There are many temples and shrines in Kyoto, so many so it’s hard to choose which to go to and easy to get “templed-out,” where you go to so many temples and shrines in a short period they all start to blur together. Even still, some massive temples can sneak up on you like Higashi Hongan-ji (below) on the way to somewhere else.
And then there is Ginkaku-ji, the Silver Pavilion, which I only knew it as the silver counterpart to the Golden Pavilion, or Kinkaku-ji, in the north. I had been to Kinkaku-ji many years earlier when I first visited Kyoto, though it was beautiful, I remember crowds of tourists and I really didn’t spend much time there at all. Part of me was expecting more of the same from the silver counterpart, but I was happily wrong.
Entering the Zen temple’s grounds leads to a serene garden with reflective ponds, vibrant green moss, a perfectly coiffed sand garden and then the “silver” temple itself.
Now you may be thinking, “it doesn’t really look silver to me,” and your eyes are not deceiving you and you don’t need to adjust your monitor or smartphone screen settings. It is not silver. As the story goes, it was supposed to be covered in silver leaf, just as Kinkaku-ji was covered in gold leaf, but was never finished. Though, even this seems unclear as there are differing accounts that note financial trouble leaving it unfinished and some that say that it was never intended to be covered in silver at all, but appeared that way in moonlight or simply named that way only in contrast to Kinkaku-ji.

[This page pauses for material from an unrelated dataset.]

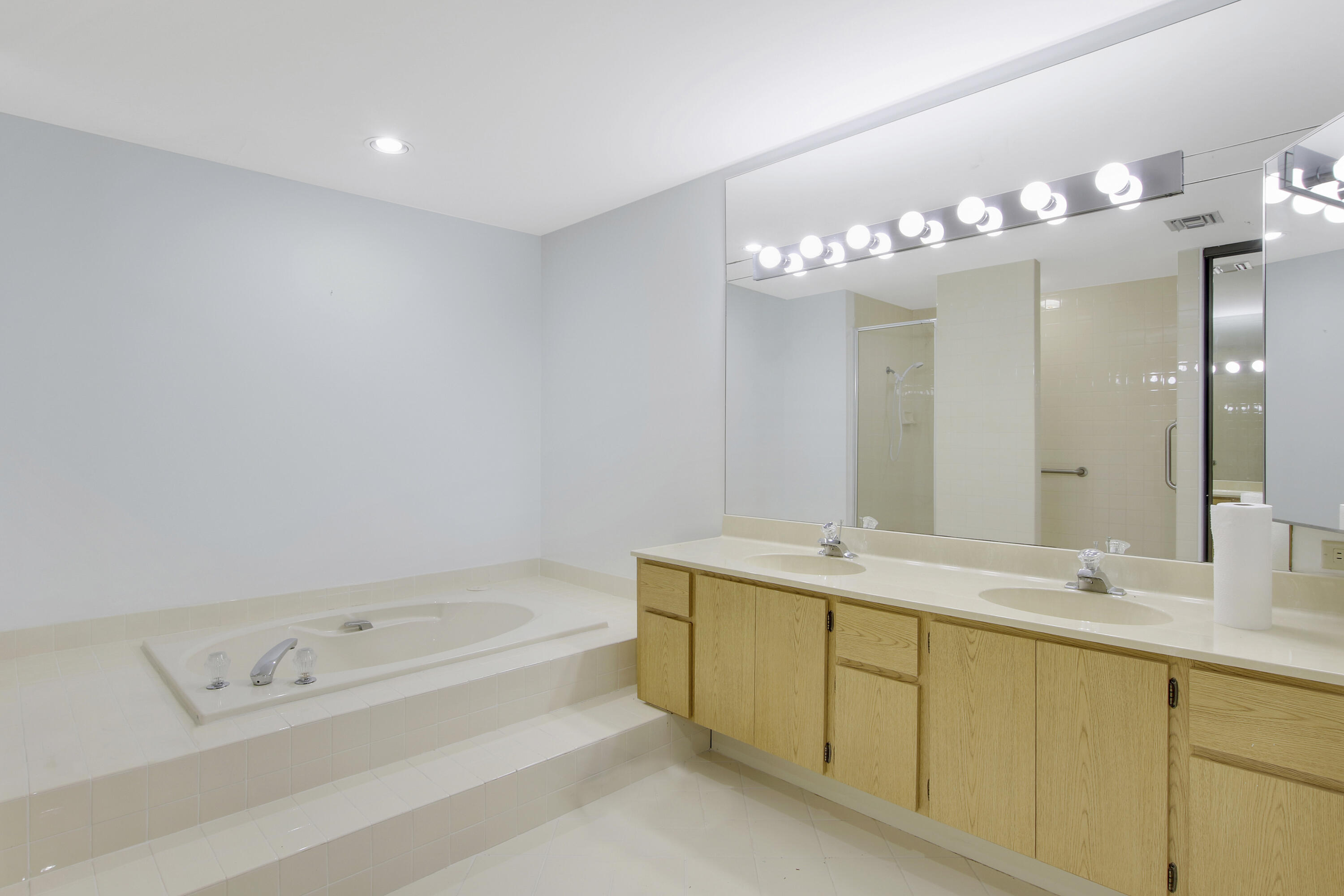 111 Seashore Drive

However, despite the unclear name, it’s humble appearance is still breathtaking seated in the middle of this beautifully kept garden.
The Sea of Silver Sand, does live up to its name and is equally as striking as you stop and wonder at the time and dedication required to craft this garden.
Following the paths around the sand garden and in between the pine trees, you will pass over a couple of small slabs of stone that act as foot bridges to get to the other side of still ponds that reveal alternate views of the beautiful garden. Just walking through the garden can ease your mood with each step and put your soul at peace by the time you leave.
Luckily, for those who don’t want to leave so soon, there is a path up a hill within the temple grounds that offers beautiful views of the temple and the city of Kyoto beyond.
At the time we went in the morning, the early sunlight peaking through the trees made the moss gardens glow as if it was designed to be that way each morning. And maybe it was intended to be that way. With such a dedication to aesthetic and natural beauty over the centuries the result must be Ginkaku-ji, where nothing feels out of place. Each refection or shadow cast feels like it has purpose and draws you in to be captivated by.
Feeling the magic of Ginkaku-ji in the morning light, was only capped by the Philosopher’s Walk which conveniently starts (or finishes depending on which way you are heading) right outside of the temple. It is a peaceful, contemplative walk along a canal lined by cherry blossoms.
Japan, when you stop being unbelievably beautiful, I will stop writing about you.